In Latin literature, Catullus took up this myth in his carmina docta, precisely in carme 64. Due to being linked by the same condition of abandonment to the protagonist of the myth, he was able to make a pathetic and painful description of her lament. After him, Ariadne will become almost literary topos of the seduced and abandoned woman. From here in fact will be born figures like Dido, in the Aeneid of Virgil, where in the role of Theseus we have Aeneas.

Propertius also continued with this theme, putting Ariadne as a model of elegiac woman par excellence, comparing her to his lover, Cynthia.

The potential of Ariadne as a model is seen, however, mainly in Ovid. In the Eroides, an imaginary collection of letters of abandoned heroines, Ariadne takes the floor directly and writes to Theseus. He complains and demonstrates their pain with a very deep psychological touch. Ovid will return to this figure also in the Ars Amatoria, a manual that teaches men to seduce women. There he dwells, however, on the arrival of Dionysus, rather than the lament of Ariadne. In the Fasti, however, returns on the Myth showing an unprecedented Ariadne. It is seen jealous, because she doubts the fidelity of Dionysus, believing that these trying to conquer an Indian princess. Then, here she replicates the complaint made for Theseus, with the difference that Dionysus comes to calm her.

As time goes by, even Petrarch will talk about Ariadne, but it will be Boccaccio who will give an interesting image of her.

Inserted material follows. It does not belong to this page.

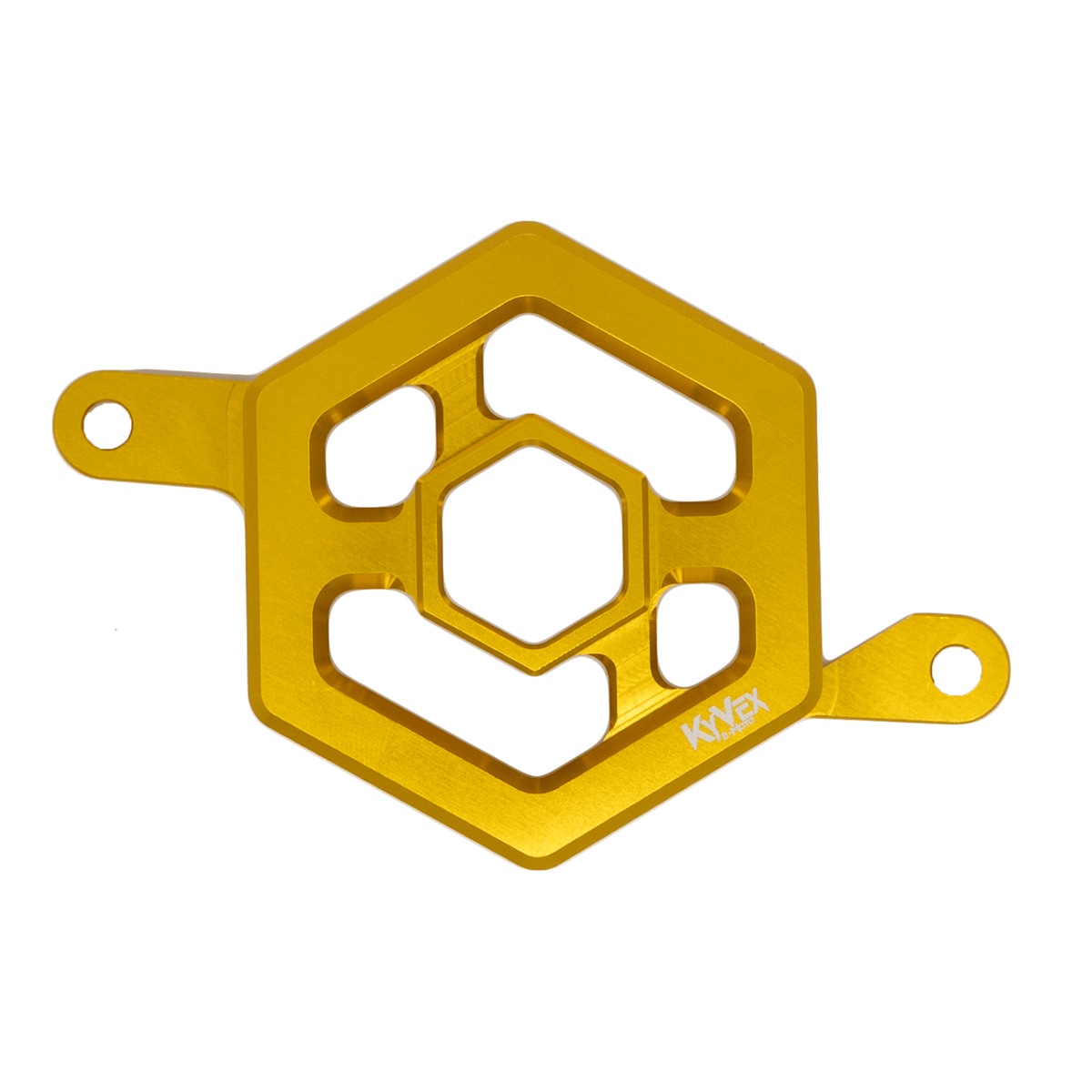 KyVex Surron Ultra Bee Compatible Billet Motor Cover - Pinned Electric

He defines her as an alcoholic and a nymphomaniac, stating Theseus escaped from Naxos with Ariadne’s sister, Phaedra, leaving her in a wine-induced sleep.

Throughout the Renaissance and until the 18th century, Ariadne appears several times in painting, often for the representations concerning the arrival of Dionysus.

In the twentieth century, however, is revalued a figure that until now had been ignored: the Minotaur. Together with this, the concept of labyrinth is also given great importance, as in Borges’ Aleph.

The suggestions of the myth continue to be strong even today. Probably this occurs because of the strength with which it was described, from the beginning, a female figure such as Ariadne. Maybe this is because the concept of labyrinth has always created fear and at the same time interest. It is interesting to note how this myth can be considered one of the possible red threads between the Latin past and modernity.